Past het in een rechtsstaat dat de politiek toetsing nog eens overdoet?
Kamerlid Azmani stelt dat het niet in een rechtsstaat past om de politiek de toetsing van een aanvraag voor een verblijfsvergunning na een lange procedure nog eens over te laten doen. Onduidelijk is hier wat Azmani precies bedoelt met ‘politiek’. De mogelijkheid om in schrijnende gevallen alsnog een verblijfsvergunning te verlenen komt, zoals hierboven beschreven, de bewindspersoon toe en niet bijvoorbeeld de Tweede Kamer of individuele Kamerleden.

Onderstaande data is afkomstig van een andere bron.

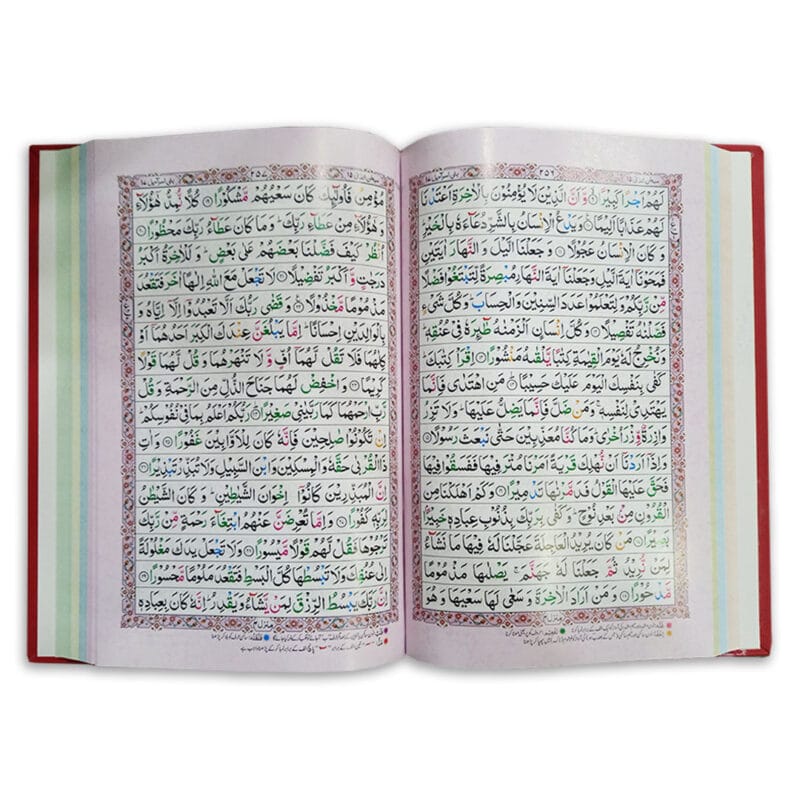 Red Leather Rainbow Colorful Quran 16 Lines Tajweedi - Image 2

Misschien dat Azmani echter niet zozeer op de uitvoering van deze bevoegdheid door de bewindspersoon doelt, maar eerder op de vragen die individuele Kamerleden stellen over het beleid, bijvoorbeeld door de bewindspersoon te wijzen op individuele dossiers. Als dat is wat de bevoegdheid te politiek maakt volgens Azmani, dan zal de Grondwet moeten worden gewijzigd. De bevoegdheid om de bewindspersoon vragen te stellen over de uitvoering van beleid, is immers geregeld in artikel 68 Grondwet.

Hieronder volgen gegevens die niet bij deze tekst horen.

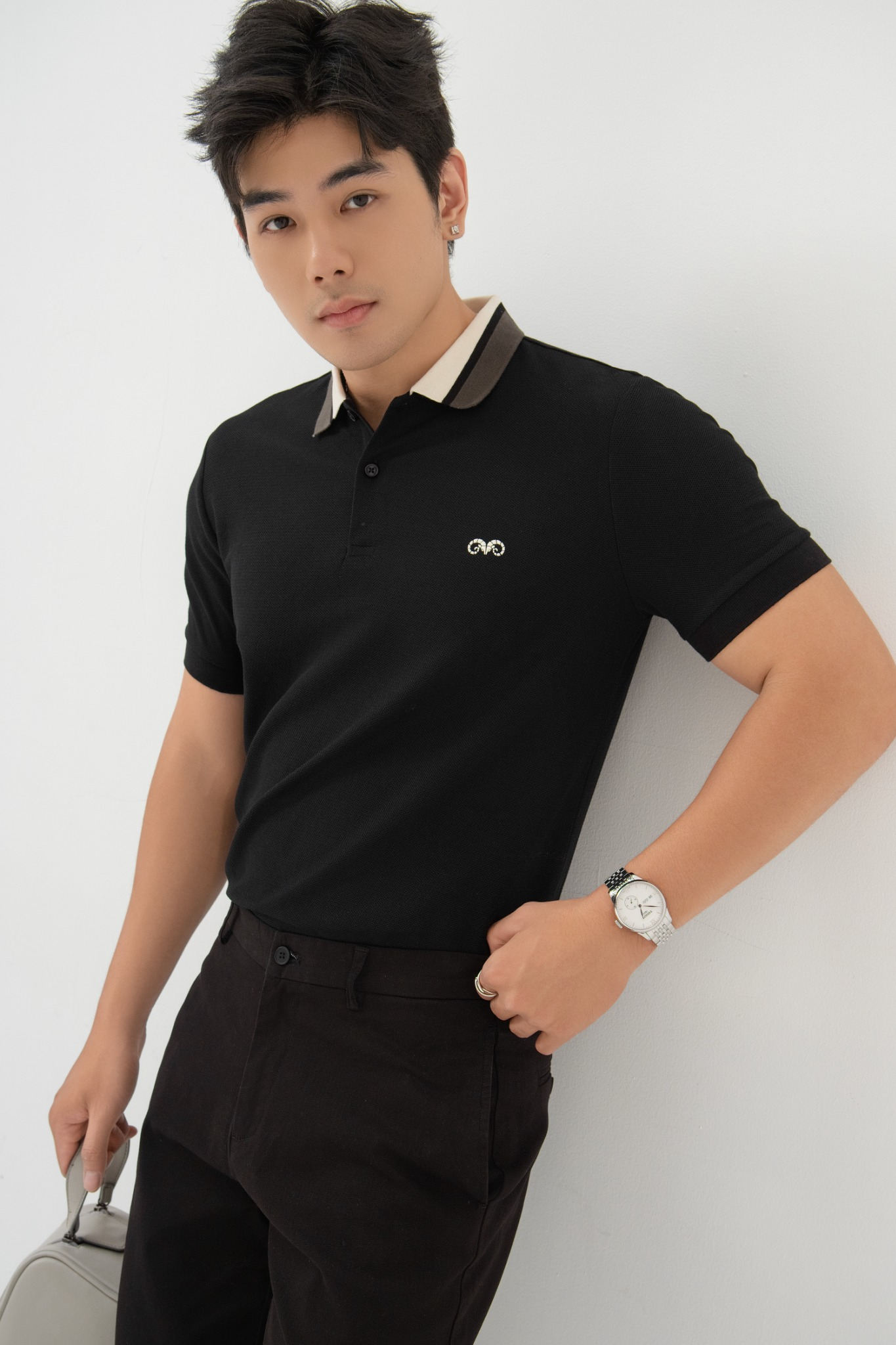  POLO NAM 8879-ĐEN CỔ RÊU KEM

Hoe het afschaffen van de discretionaire bevoegdheid van de bewindspersoon nodig is in een rechtsstaat is vooralsnog onduidelijk. Veeleer lijkt het dat het functioneren van regels in een rechtsstaat het onmogelijk maakt om van de discretionaire bevoegdheid afscheid te nemen. Wel zou artikel 3.4 lid 3 kunnen worden geschrapt, maar dat neemt niet weg dat de bewindspersoon veel juridische mogelijkheden behoudt om naar eigen inzicht een verblijfsvergunning te verlenen.